High-level Components Overview

  • The Annotator component is the top-level component that manages the state and data loading for the annotator.
  • It renders the PDFView component, which is responsible for displaying the PDF and annotations.
  • The PDFView component renders various sub-components, such as LabelSelector, DocTypeLabelDisplay, AnnotatorSidebar, AnnotatorTopbar, and PDF.
  • The PDF component renders individual Page components for each page of the PDF.
  • Each Page component renders Selection and SearchResult components for annotations and search results, respectively.
  • The AnnotatorSidebar component displays the list of annotations, relations, and a search widget.
  • The PDFStore and AnnotationStore are context providers that hold the PDF and annotation data, respectively.

Specific Component Deep Dives

PDFView.tsx

The PDFView component is a top-level component that renders the PDF document with annotations, relations, and text search capabilities. It manages the state and functionality related to annotations, relations, and user interactions. Here's a detailed explanation of how the component works:

  1. The PDFView component receives several props, including permissions, callbacks for CRUD operations on annotations and relations, refs for container and selection elements, and various configuration options.
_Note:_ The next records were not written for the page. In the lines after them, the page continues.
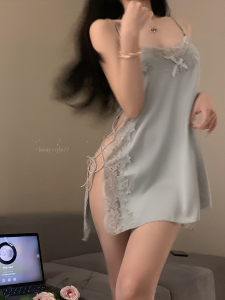 ชุดนอนผ้าไหมน้ําแข็งเซ็กซี่โดย Deer พ่อ Pure Desire ด้านข้าง Hollow OUT ผ้าม่านบางคอวีกระโปรงสั้นสําหรับเยาวชน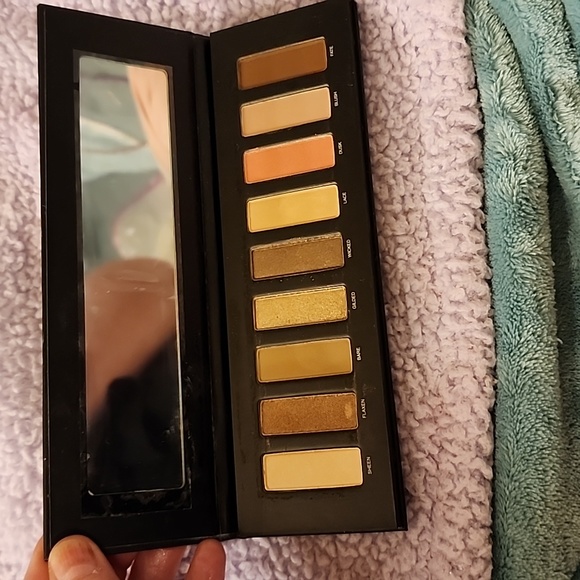 Studio makeup - Picture 3 of 3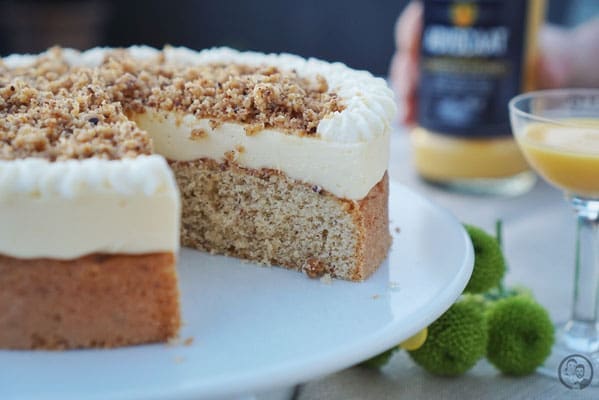 Advocaat Törtchen 6 image 7 8 4 | Ostern steht schon vor der Türe und wir können es eigentlich gar nicht glauben, wie schnell die Zeit seit Weihnachten vergangen ist. Gerade erst mit der Familie so leckere Tage in der Küche beim gemeinsamen Kochen und Schlemmen verlebt, da kommt auch schon das nächste große Fest.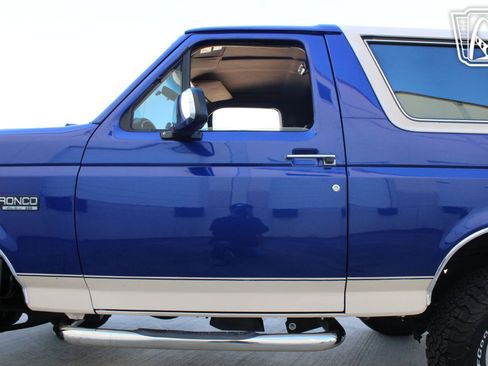 Used 1993 Ford Bronco Eddie Bauer image 31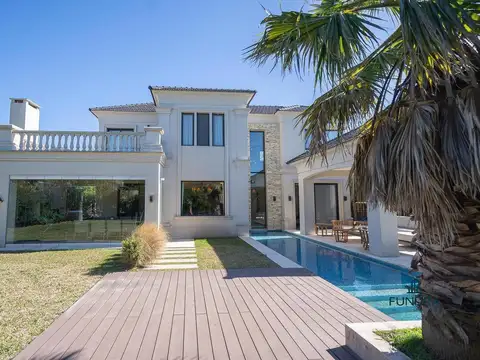 Venta Casa 7 ambientes en Haras Santa Maria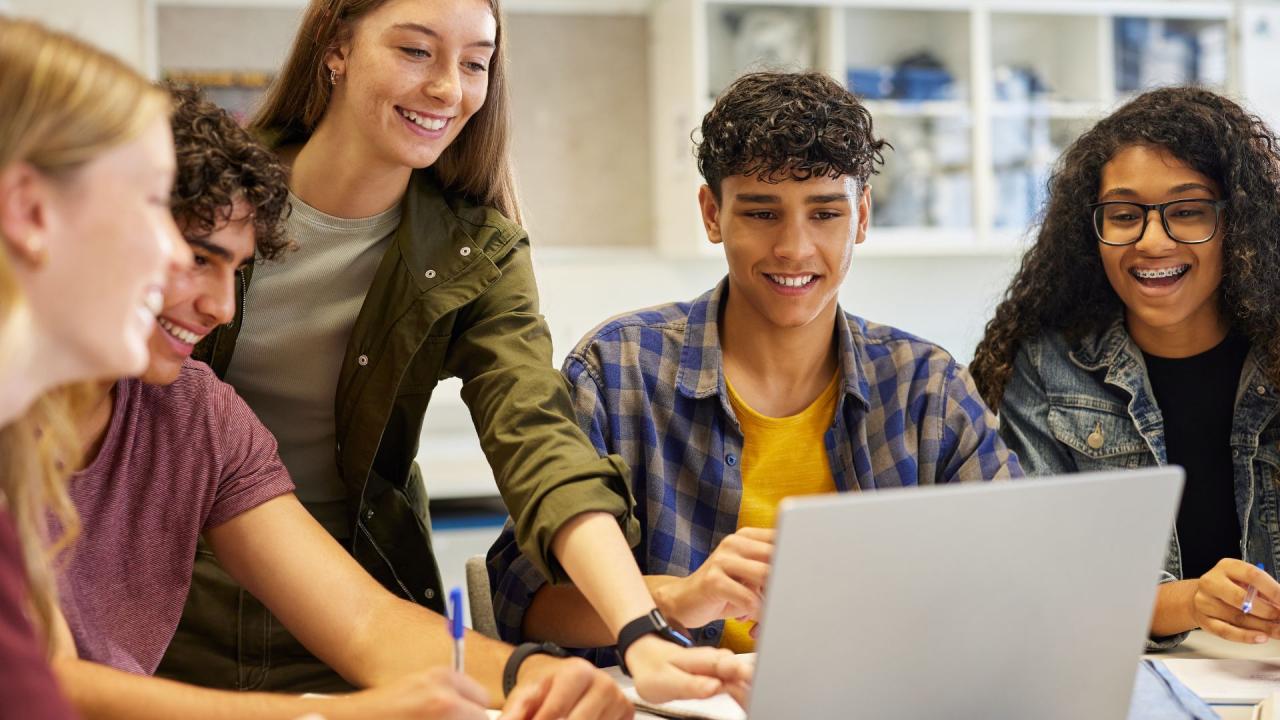 Mahasiswa Dan Pentingnya Literasi Digital Dalam Kehidupan Akademik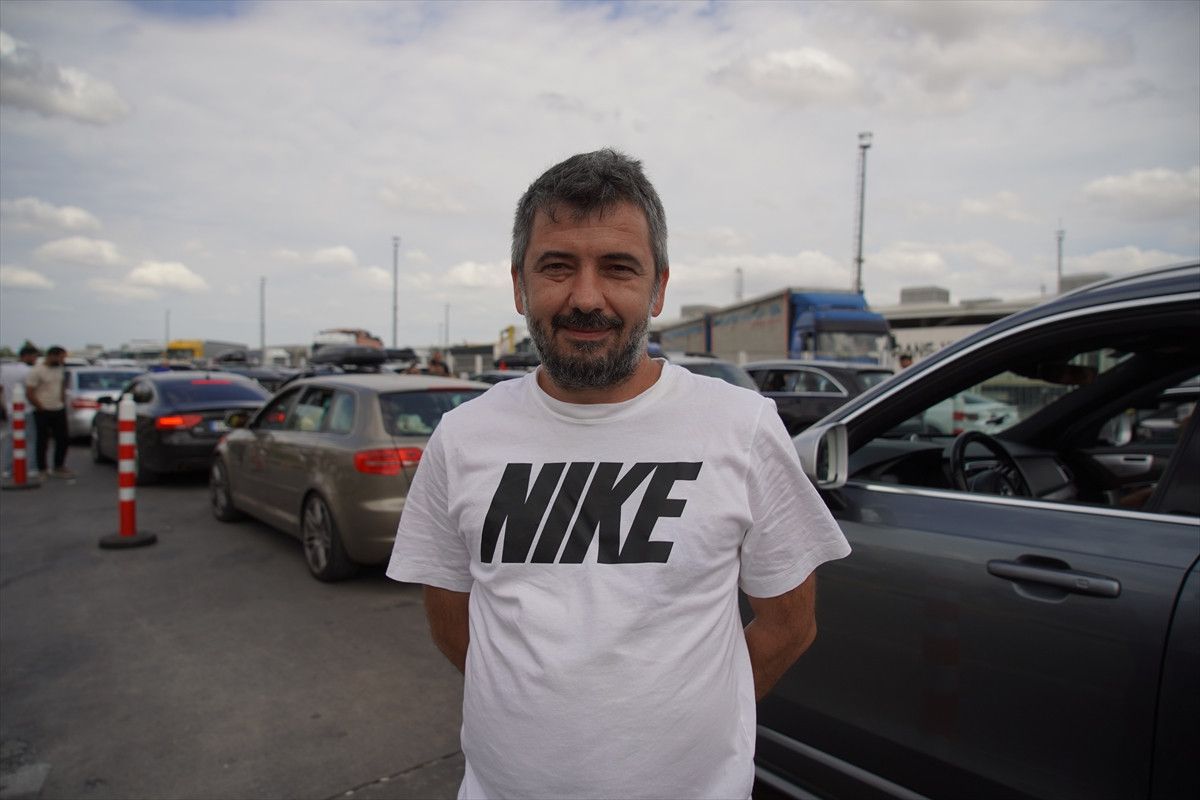 Gurbetçilerin dönüş yolculuğu sürüyor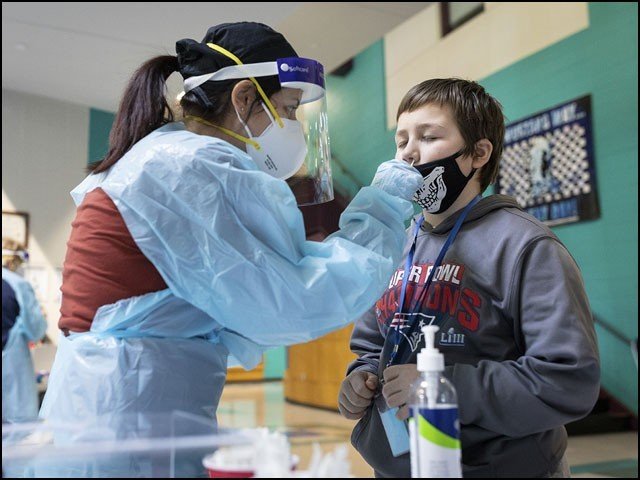 اسکولوں میں سارے عملے اور بچوں کے کورونا ٹیسٹ کیے جائیں، عالمی ادارہ صحت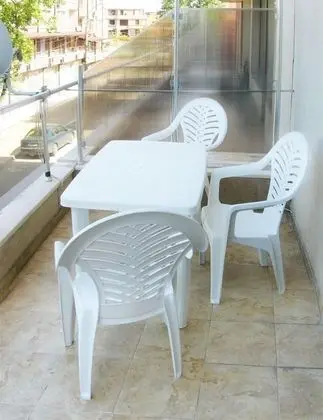 Stüdyo, Balkon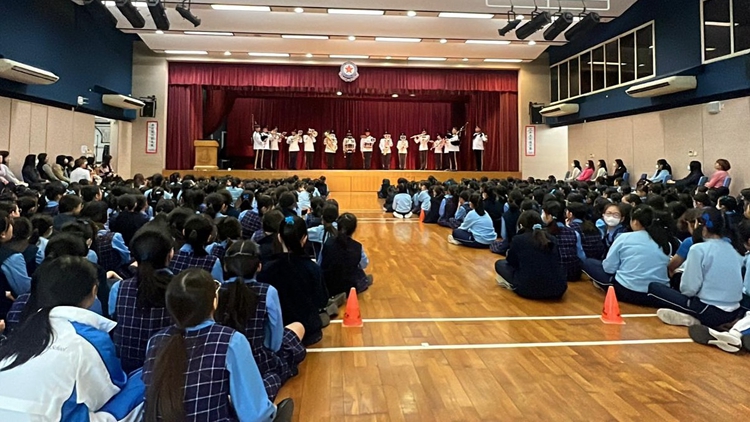 警察樂隊(duì)到聖士提反女子中學(xué)附小演出 培養(yǎng)學(xué)生對(duì)音樂了解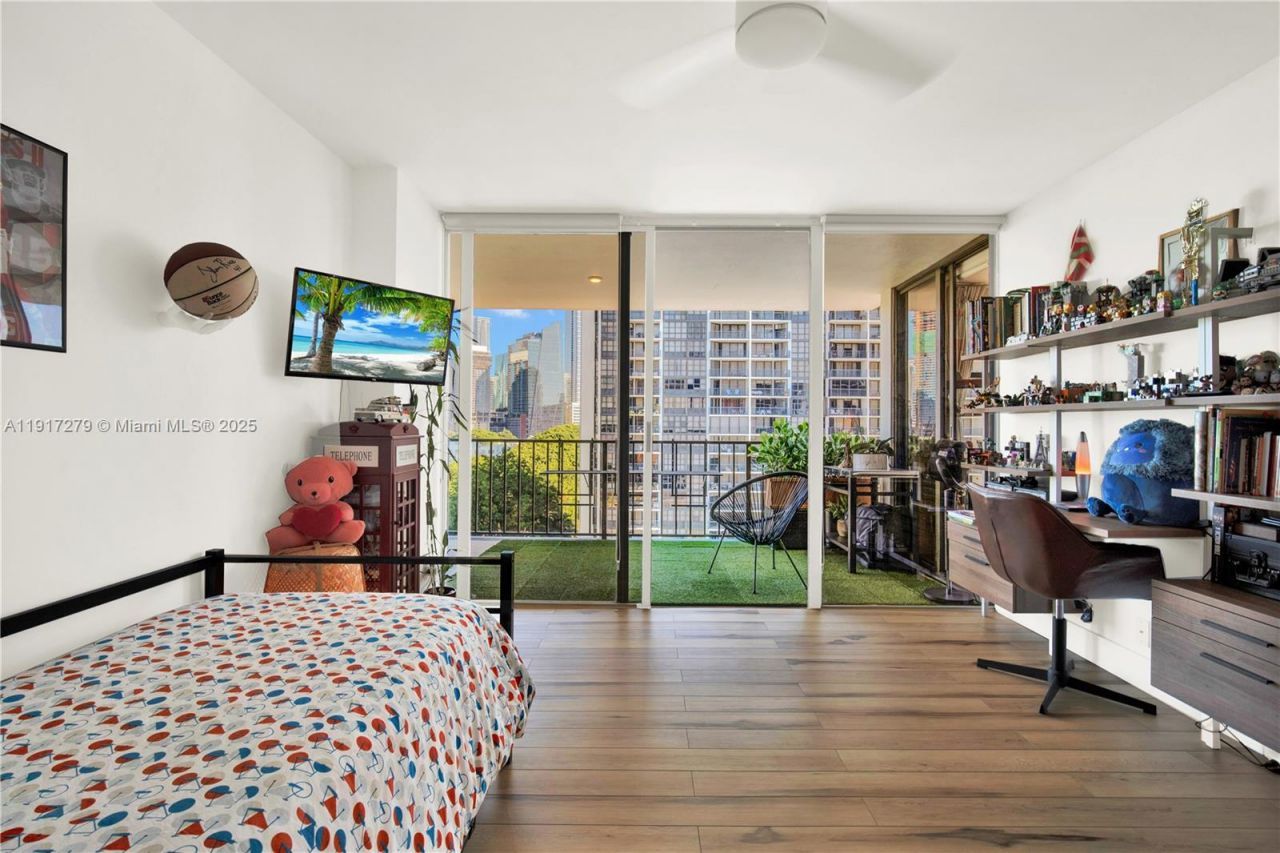 1915 Brickell Ave, Unit C1101, Miami, FL 33129 Photo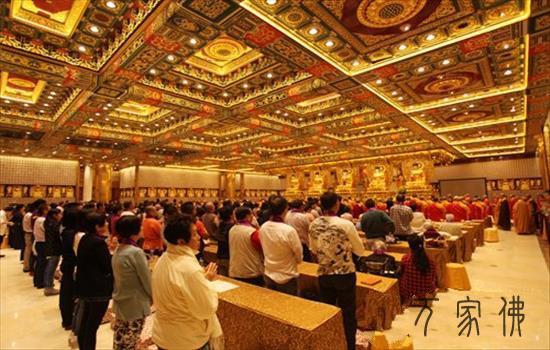 喷鼻港宝莲禅寺举行万佛宝殿降成开光庆典活动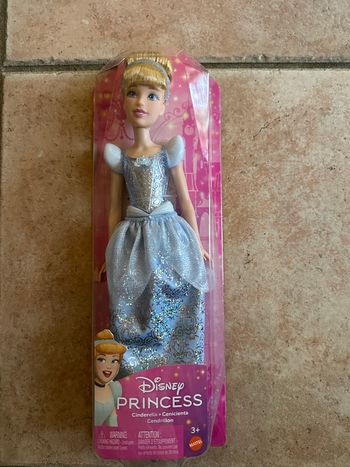 Poupée Disney princesse Cendrillon Neuf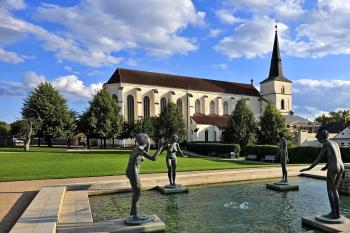 Celkový pohled na kostel Povýšení sv. Kříže z Klášterní zahrady (© Jan P. Štěpánek  09/2023)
  2. It initializes several state variables using the useState hook, including:

  3. selectionElementRefs and searchResultElementRefs: Refs for annotation selections and search results.
  4. pageElementRefs: Refs for individual PDF pages.
  5. scrollContainerRef: Ref for the scroll container.
  6. textSearchMatches and searchText: State for text search matches and search text.
  7. selectedAnnotations and selectedRelations: State for currently selected annotations and relations.
  8. pageSelection and pageSelectionQueue: State for current page selection and queued selections.
  9. pdfPageInfoObjs: State for PDF page information objects.
  10. Various other state variables for active labels, relation modal visibility, and annotation options.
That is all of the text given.